Many attempts have been made to understand the mechanical behaviour of fibrous networks using analytical and numerical models. However, the numerical modelling is challenging due to the complex microstructure composed of randomly distributed and curved fibres. Models have been limited by the few modelling parameters used, so, they do not provide us with a complete picture. Therefore, a 3D multi-scale parametric computational model was developed to simulate compression, tension, and flow performances of fibrous networks. Randomly distributed fibres with fibre-to-fibre contact interactions were implemented into a novel computational model as these interactions along with the orientation of the fibres are the key deformation mechanisms of compression in transmitting the load from fibre to fibre.

The effect of model size on tensile and compressive responses of a fibrous network was numerically studied to find an optimum model size. The novel model enabled the
simulation of through-thickness compression response as well as tensile response. This newly developed model was used in parametric investigations.

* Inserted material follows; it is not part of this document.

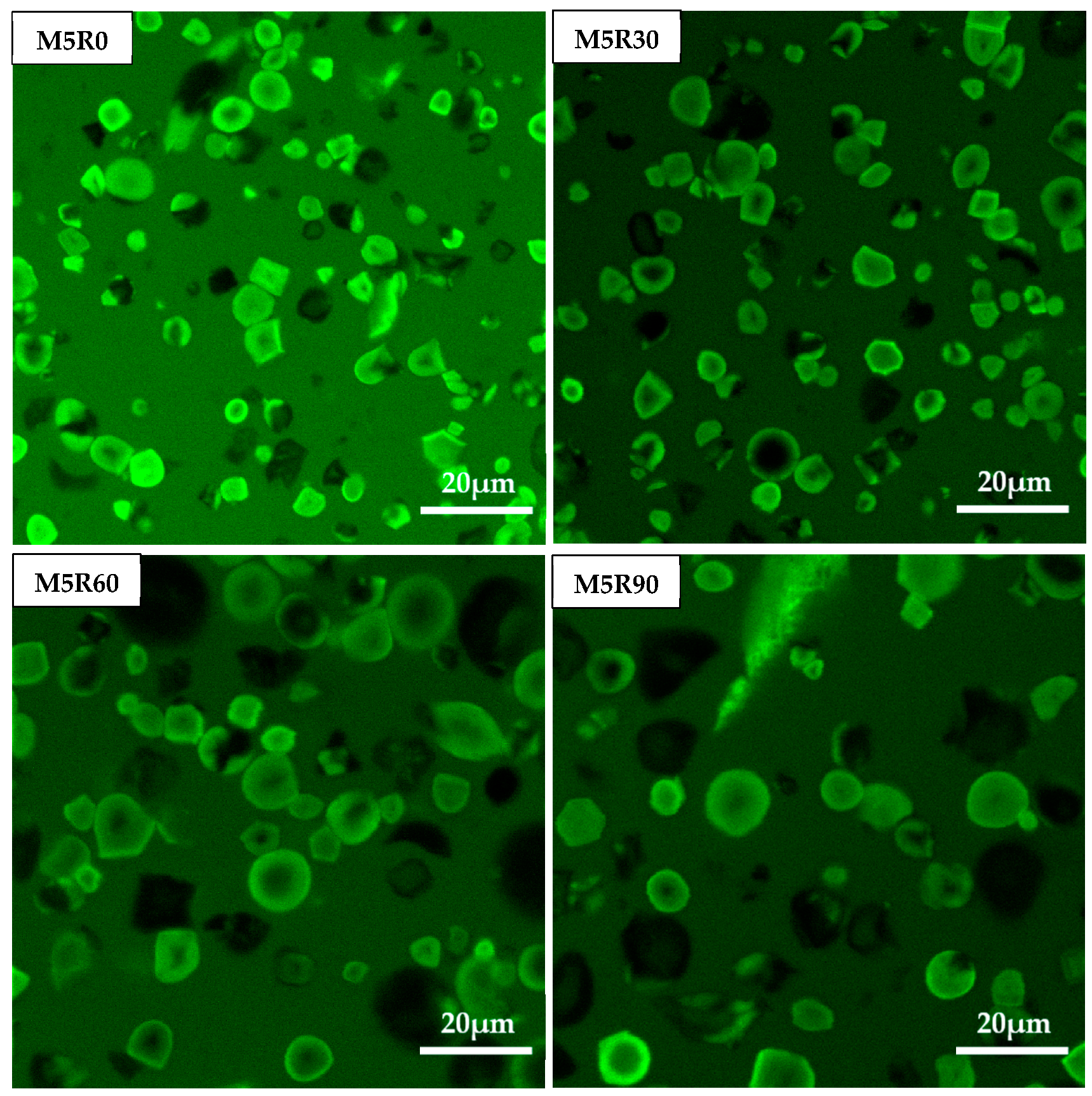 Molecules 26 00541 g006b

Meanwhile, a method
was developed to compute the number of fibre-to-fibre contacts. It was observed that the optimum model size depends on the microstructure of the fibrous network. As a
geometric parameter was altered, a new sensitivity analysis should be performed to assess an optimum model size for the new modelling parameters. Also, tensile and
compressive responses of a fibrous network depend on modelling parameters, such as fibre diameter, fibre alignments and fibre-to-fibre interactions. In the validation of the FE model with experimental tensile tests, a soft mechanical response was observed in the experiment, opposite to the simulations. This behaviour was attributed to the temperature- and time-dependent nature of polymer fibres.

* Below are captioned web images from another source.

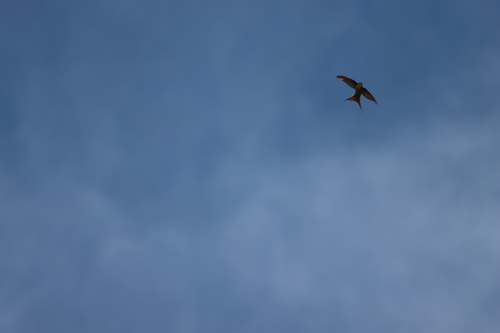 Malagasy Palm Swift (Cypsiurus gracilis), photo 1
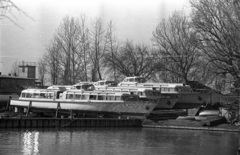 Magyarország,Balaton, Siófok, a Lelle, a Csopak és a Tihany, az első három balatoni vízibusz a sólyán., 1957, Bauer Sándor, vízibusz, Tihany hajó, Csopak hajó, Fortepan #128037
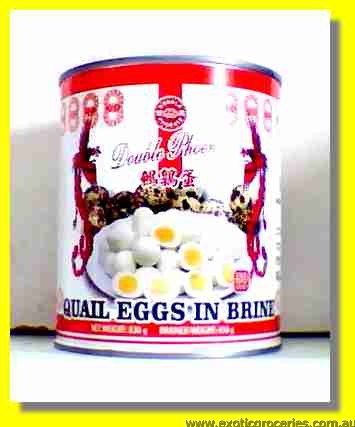 Quail Eggs in Brine 50pcs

The effect of compression on flow properties including air permeability was also investigated using FE and CFD analyses and this behaviour was verified by existing
analytical and empirical models. Solid volume fraction and fibre diameter were the main parameters controlling the permeability of the fibrous network. Also, orientation
distribution of fibres influenced the permeability. A fibrous network with more aligned fibres showed the highest air permeability.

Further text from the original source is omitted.